What makes a cold-blooded killer? Madness, badness, or both?

A narrator of unknown age, gender, and relationship to an old man, earnestly, urgently defends their own sanity, as they explain exactly how they planned and committed his murder:
So you think that I am mad? A madman cannot plan….
So I am mad, you say? You should have seen how careful I was.

Or could the narrator be death himself?!

In contrast to the detail of the deed, everything else is vague.

It’s addressed to “you”, which is very direct, almost making show more the reader complicit. But we don’t know if they’re talking to themself, a psychiatrist (not that the profession existed back then), priest, God, judge, jailer, or unimagined readers, more than 150 years later. Nor why they are confessing. But it’s not to the three (significant, surely) police officers.

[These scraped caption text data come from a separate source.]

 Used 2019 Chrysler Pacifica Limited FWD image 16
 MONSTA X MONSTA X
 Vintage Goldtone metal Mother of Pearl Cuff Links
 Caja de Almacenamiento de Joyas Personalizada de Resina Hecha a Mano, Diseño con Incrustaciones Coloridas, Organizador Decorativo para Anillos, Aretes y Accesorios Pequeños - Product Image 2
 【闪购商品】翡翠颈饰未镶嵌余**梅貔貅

The victim is a man the narrator says has never harmed them, and whose death would not profit them. No reason is suggested beyond the sort of fears many of us have in childhood. In fact, motive is explicitly denied:
There was no reason for what I did.


Image: An eye peeking through a door. (Source.)

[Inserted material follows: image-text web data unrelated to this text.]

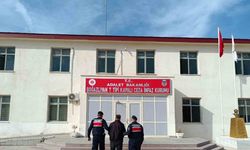 Firari hükümlü yakayı ele verdi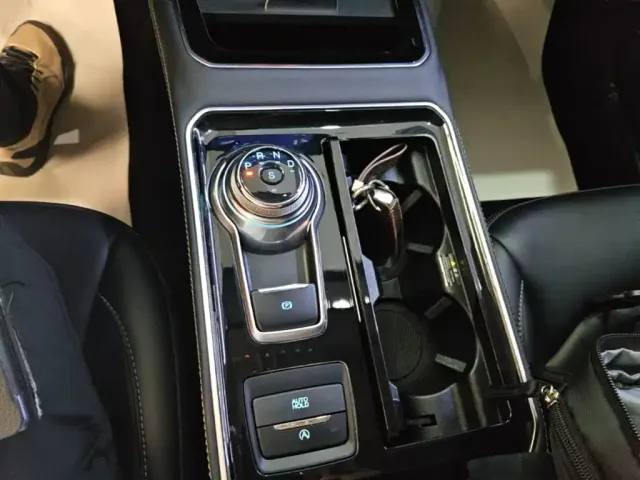 Ford Edge — Фото автомобиля 13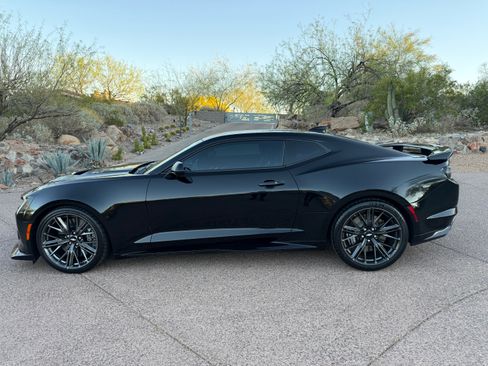Used 2019 Chevrolet Camaro ZL1 image 6
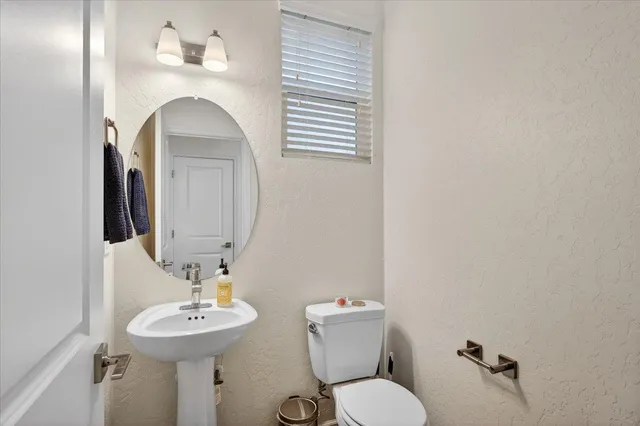 $405,000 | 1956 Minarets Lane, Clovis, CA 93611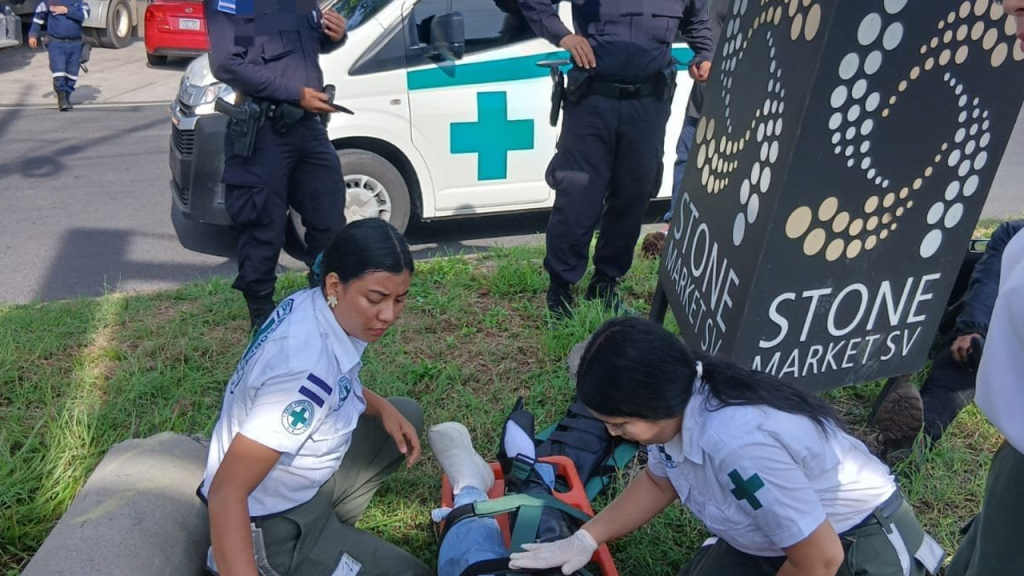 Motociclista y su acompañante resultan lesionados tras accidentarse en Sonsonate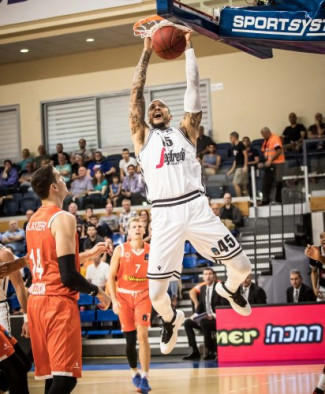 Maccabi Rishon LeZion – Virtus Segafredo Bologna 79 - 85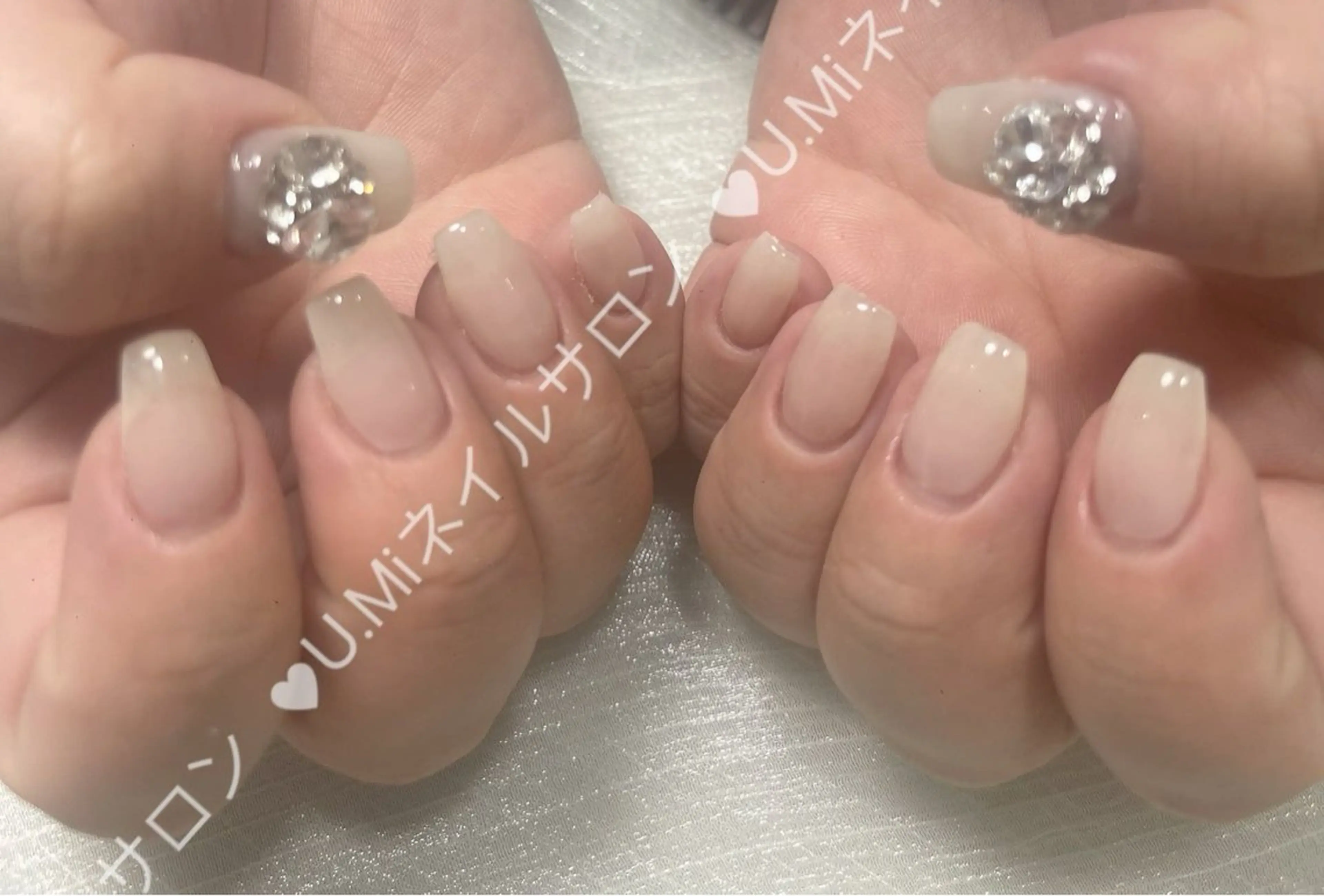 ネイル U.Miネイルサロン所属・ユ きのネイルデザイン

I could not see the old man’s face. Only that eye, that hard blue eye, and the blood in my body became like ice.

Take blood

The perfect crime.
Murder is so easy!

But then guilt kicks in, ticks in.
A metaphor made flesh, in flesh.
Bloody brilliant.

Give blood

I reread this in 2018 as I waited to donate my 71st pint of blood, and again in 2022, shortly after my 78th. A mystical and mundane substance, essential for life. It’s an easy way to save lives, for those who are able. Eligibility criteria change, so if you'd like to be a donor, but thought you couldn't be, it's worth checking. For those in the UK click HERE.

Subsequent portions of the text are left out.